## Task objective:
The reply should match the listing below character for character, except that no image is carried over.

## Collected material:
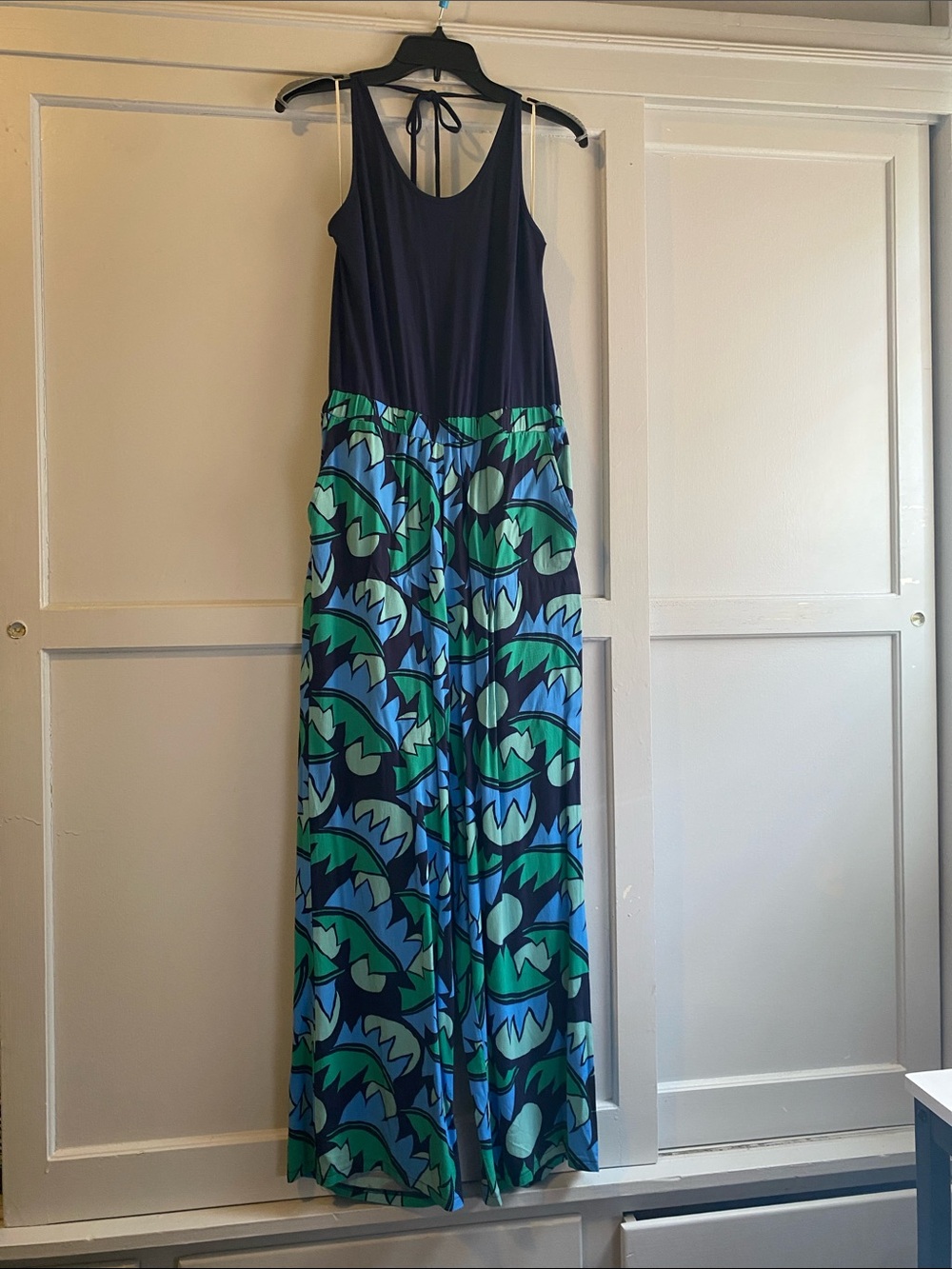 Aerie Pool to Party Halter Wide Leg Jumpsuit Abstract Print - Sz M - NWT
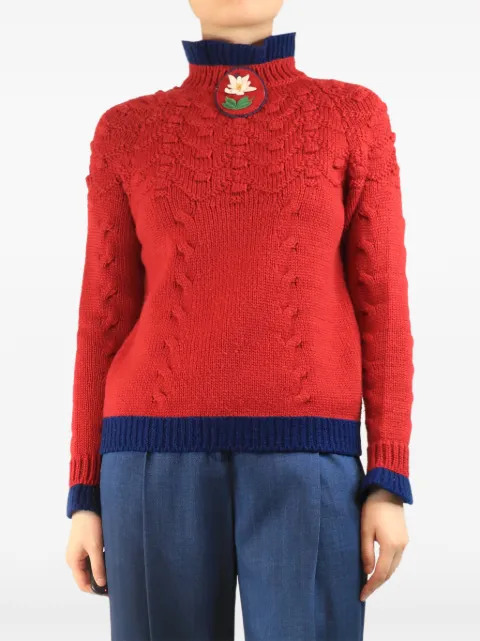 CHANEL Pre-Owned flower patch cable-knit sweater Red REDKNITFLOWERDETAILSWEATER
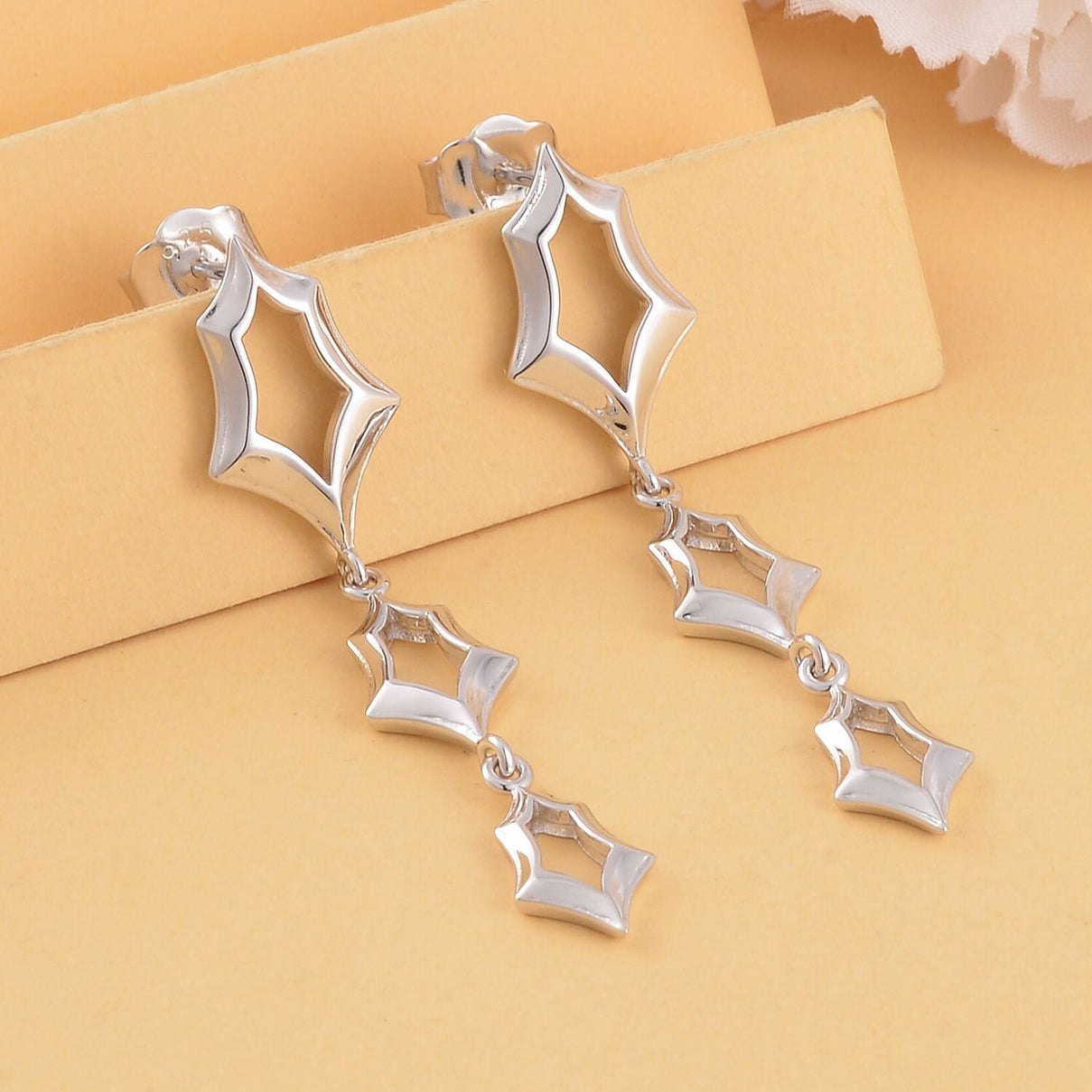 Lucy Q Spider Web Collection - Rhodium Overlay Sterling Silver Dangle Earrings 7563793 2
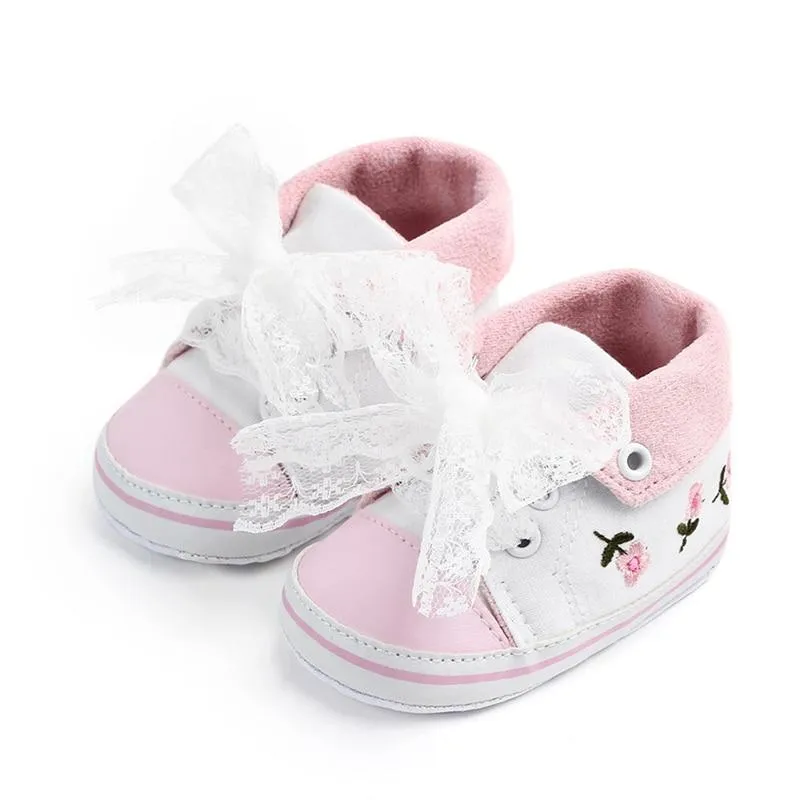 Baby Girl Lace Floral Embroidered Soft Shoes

## Task response:
 Aerie Pool to Party Halter Wide Leg Jumpsuit Abstract Print - Sz M - NWT
 CHANEL Pre-Owned flower patch cable-knit sweater Red REDKNITFLOWERDETAILSWEATER
 Lucy Q Spider Web Collection - Rhodium Overlay Sterling Silver Dangle Earrings 7563793 2
 Baby Girl Lace Floral Embroidered Soft Shoes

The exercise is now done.